[What you need to do] An exact copy of the listing is required, with its pictures removed.

[Stored data]
########################################
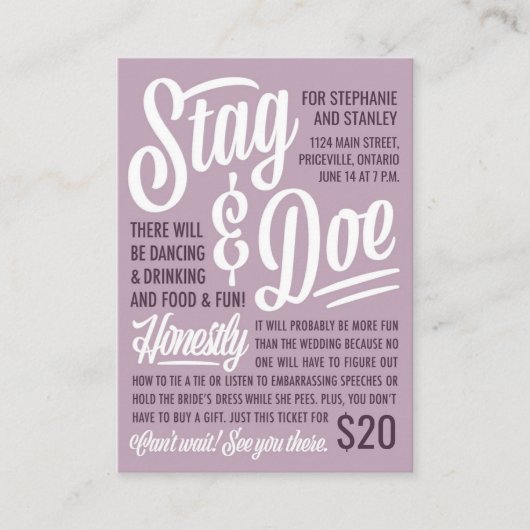 Eerlijk Ticket Stag & Doe (Voorkant)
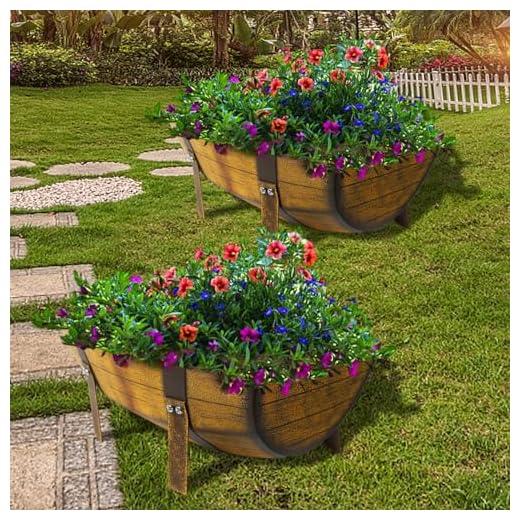 Aoutrow 15.43In 2 Pack Rustic Barrel Planters, Decorative Outdoor Garden Backyard Planter with Legs, Metal Flower Pot Half Barrel Planter Box, Brown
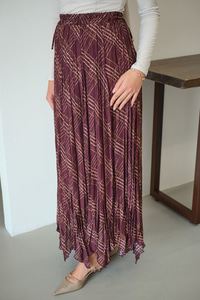 Ekose Desen Dikiş İzli Yandan Bağcık Detaylı Şifon Etek Mürdüm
########################################
[Expected output]
 Eerlijk Ticket Stag & Doe (Voorkant)
 Aoutrow 15.43In 2 Pack Rustic Barrel Planters, Decorative Outdoor Garden Backyard Planter with Legs, Metal Flower Pot Half Barrel Planter Box, Brown
 Ekose Desen Dikiş İzli Yandan Bağcık Detaylı Şifon Etek Mürdüm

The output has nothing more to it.